SiH1Reaching smokers where they live: next steps in the journey towards the Government’s vision of a smokefree generation

A new report, published today [Tuesday 20th November] by Action on Smoking and Health (ASH) and launched at a joint event in Parliament between the APPG on Healthy Homes and Buildings and the APPG on Smoking and Health, calls for action to address smoking closer to where people live.

The report, Smoking in the home; new solutions for the smokefree generation, sets out how an innovative focus on smoking in the home could provide important new routes for smokers to quit and help protect children and non-smokers from exposure to secondhand smoke. In doing so this could help to realise the Government’s vision of a smokefree generation set out in the 2017 Tobacco Control Plan for England.

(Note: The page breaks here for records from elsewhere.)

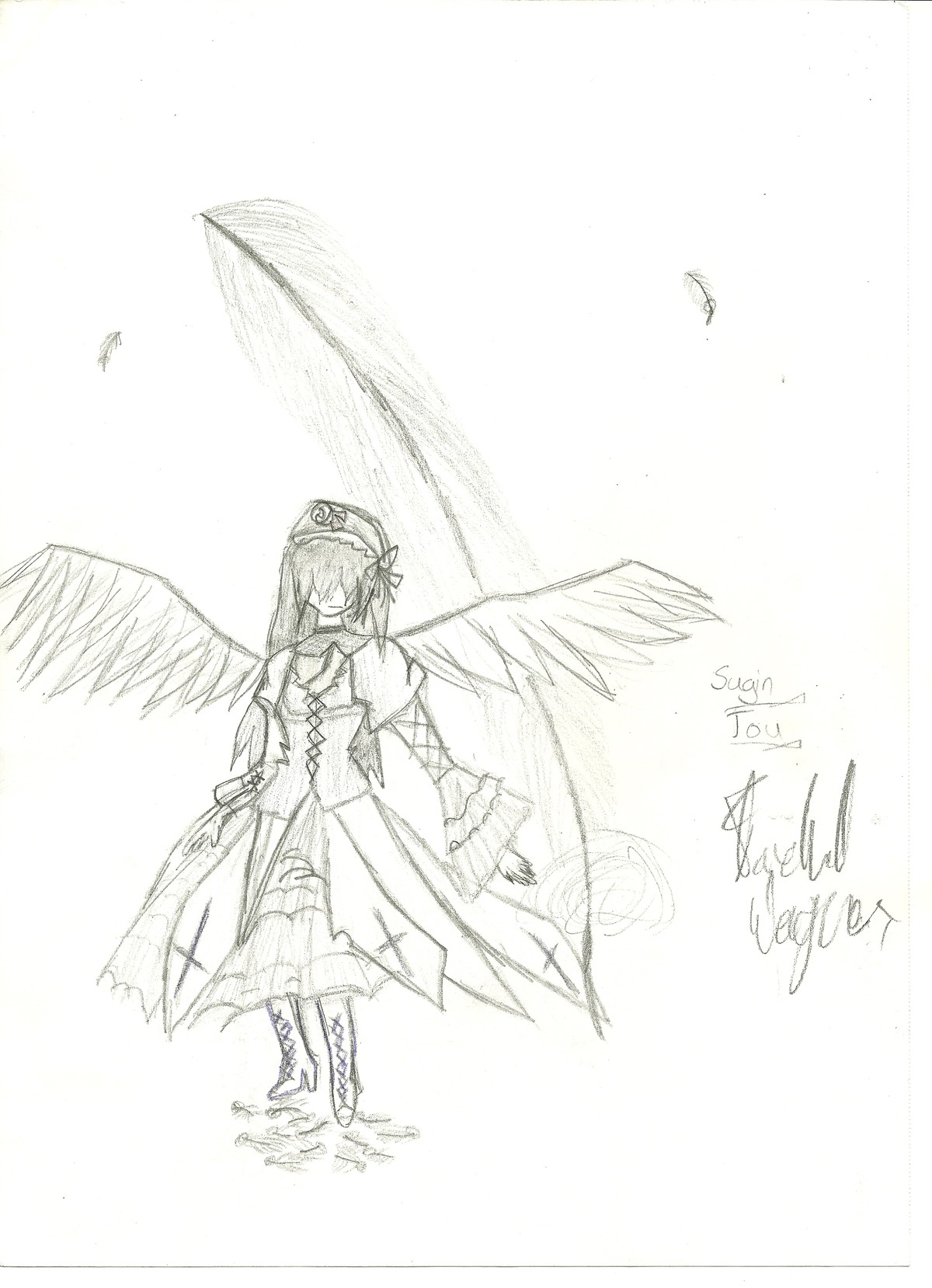 1girl bird boots feathers greyscale hat image long_hair long_sleeves monochrome solo standing striped suigintou wings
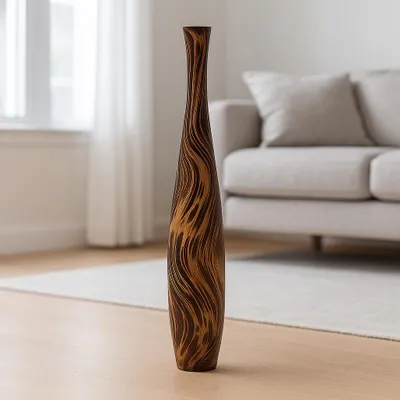 Produktbild von Leewadee Hohe Bodenvase 65 cm aus Mangoholz in braun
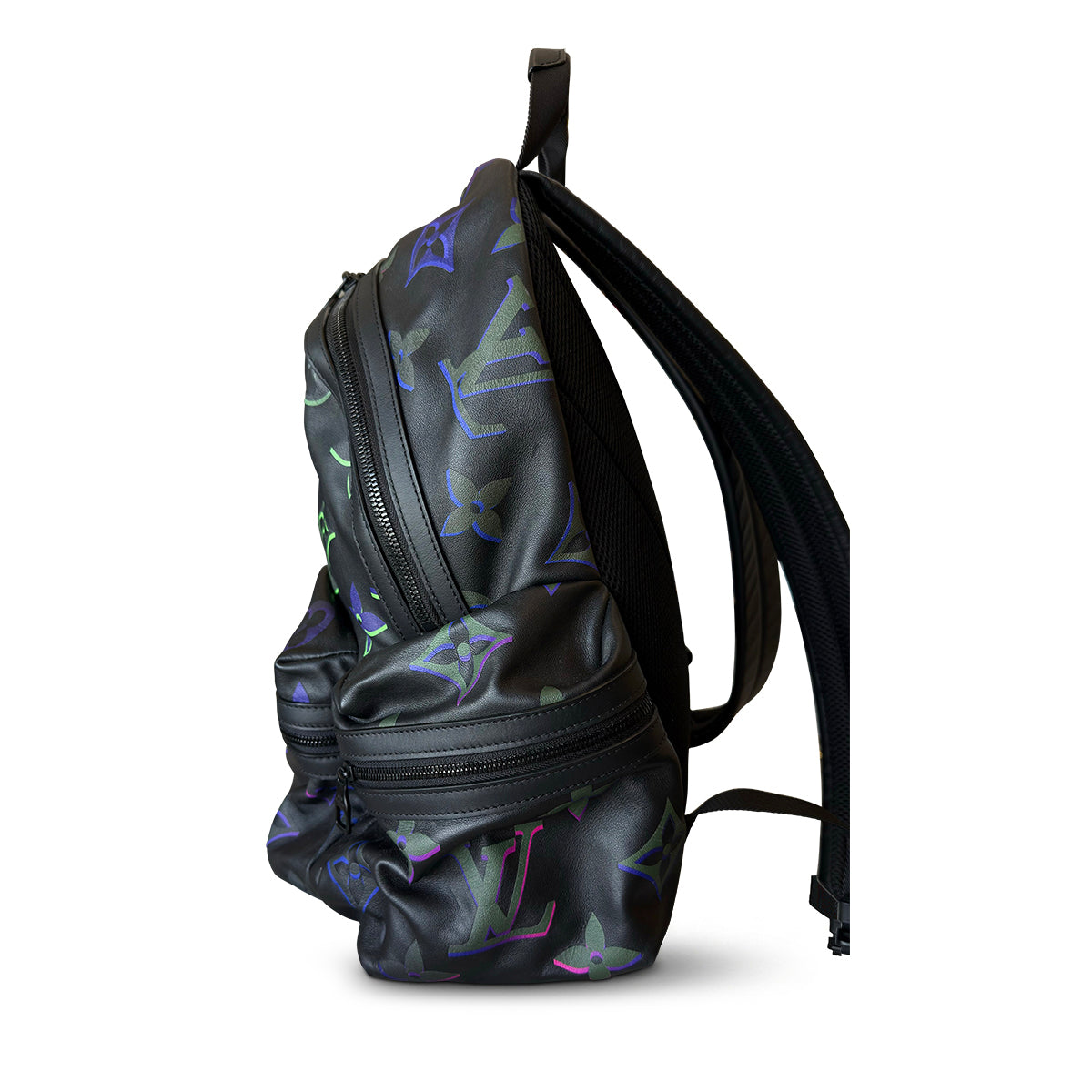 Louis Vuitton Calfskin Monogram Spotlight Comet Backpack Black Borealis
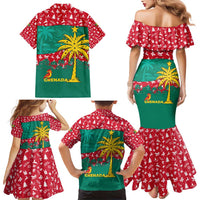 Grenada Christmas Family Matching Mermaid Dress and Hawaiian Shirt with Palm Tree Bird and Tropical Holiday Pattern Design - Wonder Print Shop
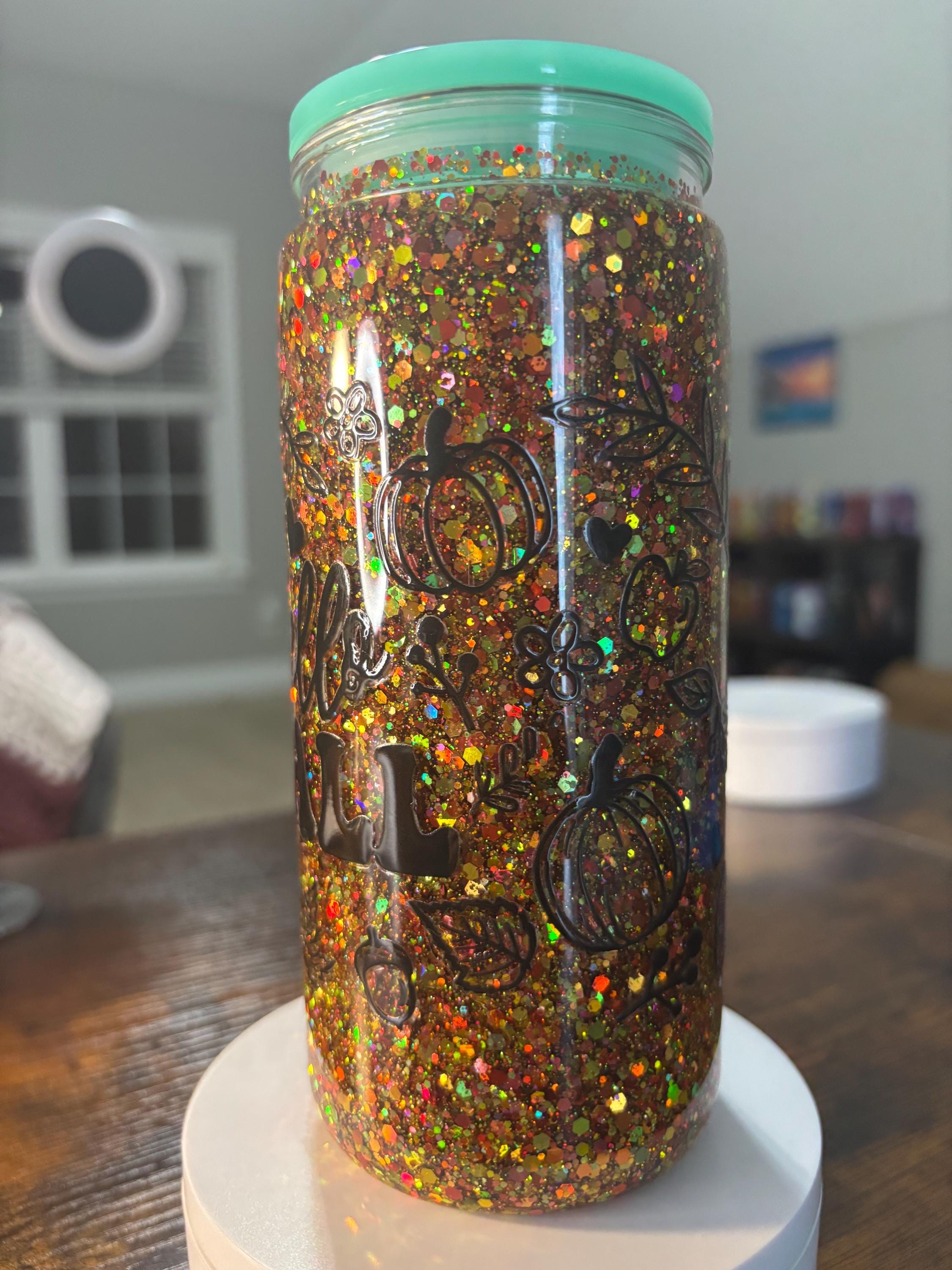 Hello Fall Glitter Snow Globe Tumbler | 20oz Handmade Autumn Pumpkin Cup
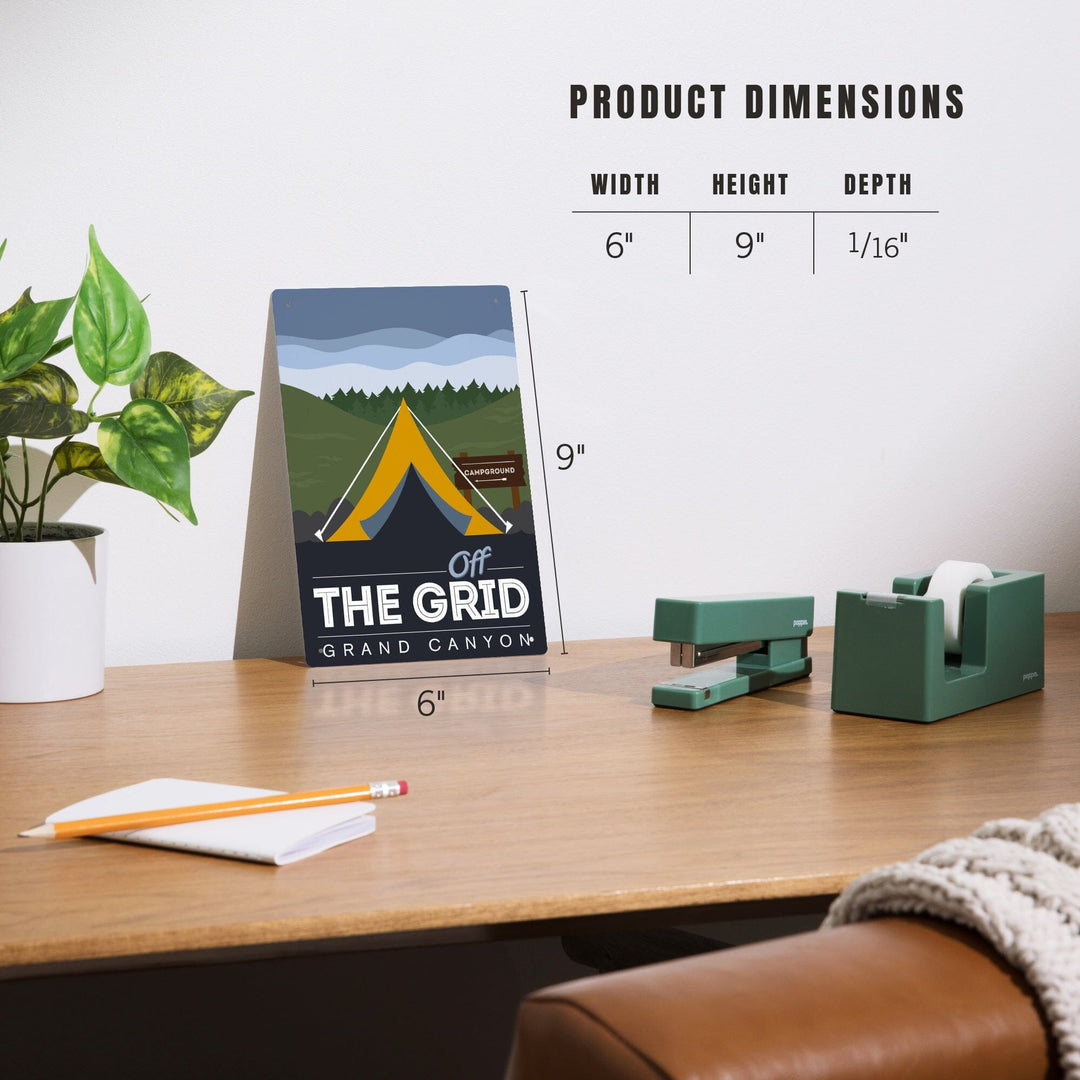 Grand Canyon National Park, Arizona, Off the Grid (Tent), Discover, Vector, Metal Signs Metal Lantern Press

iPiP provided comments and suggestions during the drafting of this report and endorses the recommendations.

Smoking is now highly concentrated in some communities, particularly the rented sector. The report finds that smoking is twice as common in social housing than in other tenures. The report also found that people living in social housing are less likely to successfully quit despite trying as often as other smokers.

High levels of smoking in poorer communities reduces the likelihood that smokers living in those communities will successfully quit, increases the likelihood that children will be exposed to smoke in the home and that they will take up smoking themselves. As a result, smoking-related illness is much more common among both adults and children in these communities.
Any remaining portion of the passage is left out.